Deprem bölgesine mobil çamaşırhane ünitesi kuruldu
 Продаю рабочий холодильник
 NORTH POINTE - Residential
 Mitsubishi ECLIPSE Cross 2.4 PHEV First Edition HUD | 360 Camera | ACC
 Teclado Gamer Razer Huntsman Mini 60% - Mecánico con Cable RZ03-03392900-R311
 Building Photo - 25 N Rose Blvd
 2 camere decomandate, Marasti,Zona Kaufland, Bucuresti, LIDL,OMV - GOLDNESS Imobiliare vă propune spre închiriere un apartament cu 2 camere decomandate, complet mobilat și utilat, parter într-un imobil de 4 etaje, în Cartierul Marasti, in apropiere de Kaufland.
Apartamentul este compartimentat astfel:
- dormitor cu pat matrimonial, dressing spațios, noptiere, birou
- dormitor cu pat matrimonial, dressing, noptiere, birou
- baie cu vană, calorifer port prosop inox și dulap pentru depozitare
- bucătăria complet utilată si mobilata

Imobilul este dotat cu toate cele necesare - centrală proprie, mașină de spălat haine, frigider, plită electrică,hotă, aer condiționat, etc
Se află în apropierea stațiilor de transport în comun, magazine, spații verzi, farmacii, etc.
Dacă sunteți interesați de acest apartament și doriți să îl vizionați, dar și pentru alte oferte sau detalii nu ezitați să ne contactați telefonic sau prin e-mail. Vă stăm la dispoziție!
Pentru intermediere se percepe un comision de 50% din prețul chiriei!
-*-*-
YOUR TASK: Write down, word for word, the lines above from the one containing "Apartamentul este compartimentat" through the one containing "- bucătăria complet utilată si mobilata", both ends included.

PROBLEM SOLUTION:
Apartamentul este compartimentat astfel:
- dormitor cu pat matrimonial, dressing spațios, noptiere, birou
- dormitor cu pat matrimonial, dressing, noptiere, birou
- baie cu vană, calorifer port prosop inox și dulap pentru depozitare
- bucătăria complet utilată si mobilata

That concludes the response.